*** Provided data Section Begins ***

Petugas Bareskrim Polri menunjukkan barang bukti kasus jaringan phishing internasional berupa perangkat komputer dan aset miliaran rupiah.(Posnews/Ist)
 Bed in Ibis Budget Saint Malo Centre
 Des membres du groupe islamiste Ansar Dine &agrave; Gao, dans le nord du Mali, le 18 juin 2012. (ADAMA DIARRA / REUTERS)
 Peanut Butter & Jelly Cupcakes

*** Provided data Section Ends ***

Work instructions: From the line containing "Bed in Ibis Budget Saint Malo Centre" to the last line above, repeat every line exactly and nothing else.

Answer below:
 Bed in Ibis Budget Saint Malo Centre
 Des membres du groupe islamiste Ansar Dine &agrave; Gao, dans le nord du Mali, le 18 juin 2012. (ADAMA DIARRA / REUTERS)
 Peanut Butter & Jelly Cupcakes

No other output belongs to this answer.